**Action item:** Lines before the one containing "穗健采 当归50g独立小包甘" are not wanted; restate the rest below word for word, through the last line, but drop any pictures.

**Data below:**
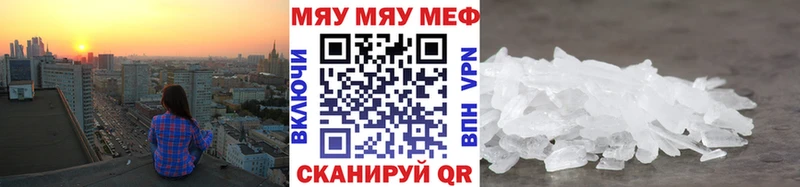 где продают   mega сайт  МЯУ-МЯУ VHQ  Староминская 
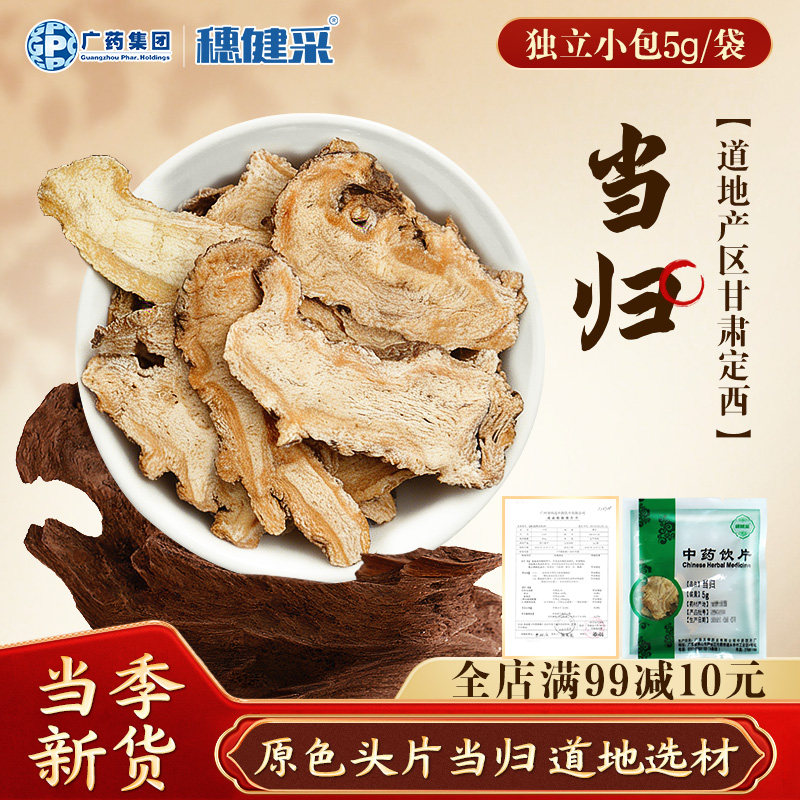 穗健采 当归50g独立小包甘肃当归中药材正品官方旗舰店四逆汤补气,传统滋补营养品,滋补经典方/精制中药材,淘宝优惠券,粉丝福利购,淘宝优惠卷
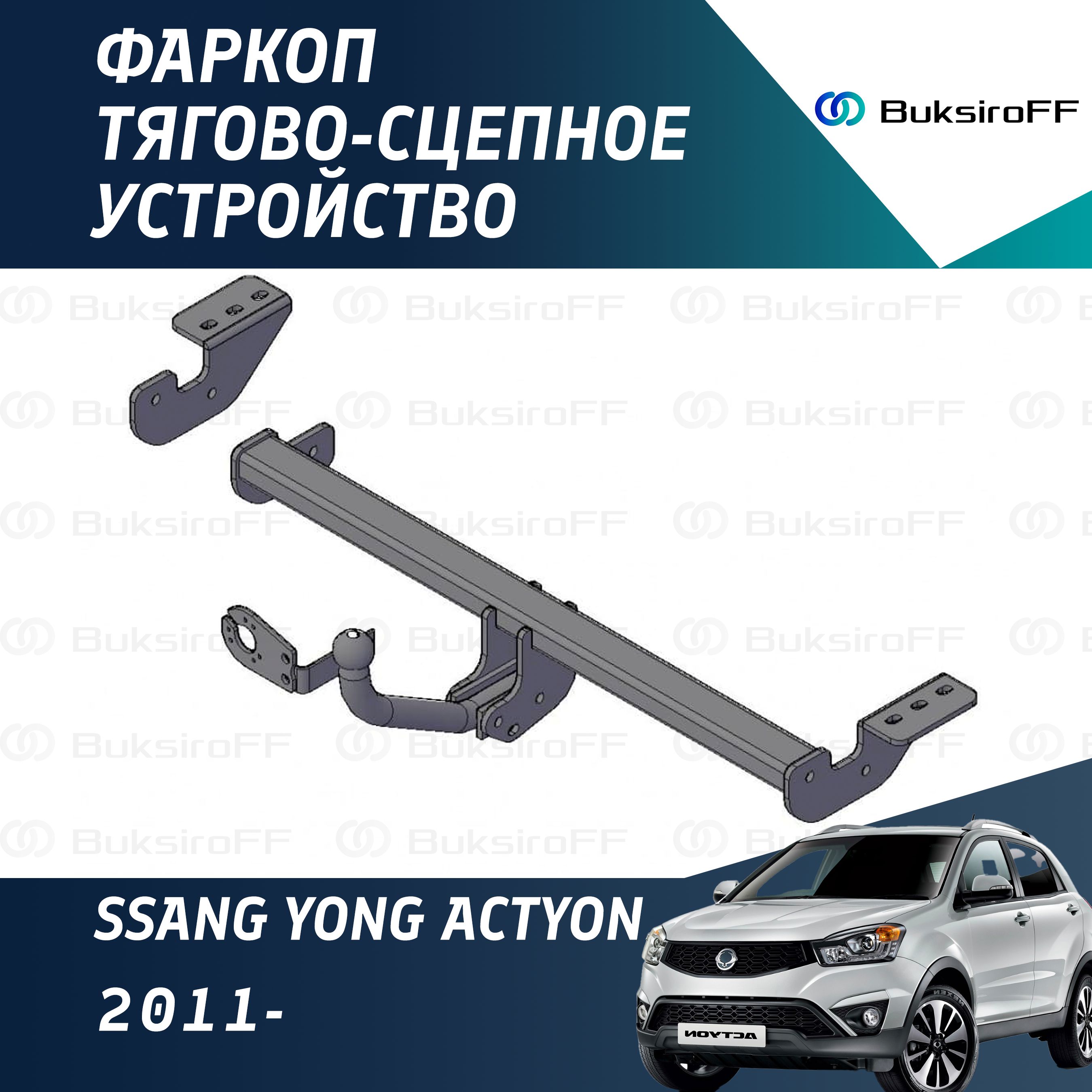 Фаркоп 7520 ТРЕЙЛЕР Ssang Yong Actyon 2011-...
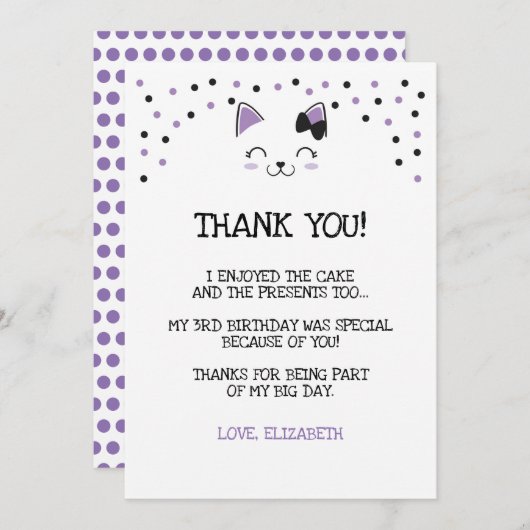 ねこちゃんの感謝カード 招待状 (正面/裏面)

**Result:**
 穗健采 当归50g独立小包甘肃当归中药材正品官方旗舰店四逆汤补气,传统滋补营养品,滋补经典方/精制中药材,淘宝优惠券,粉丝福利购,淘宝优惠卷
 Фаркоп 7520 ТРЕЙЛЕР Ssang Yong Actyon 2011-...
 ねこちゃんの感謝カード 招待状 (正面/裏面)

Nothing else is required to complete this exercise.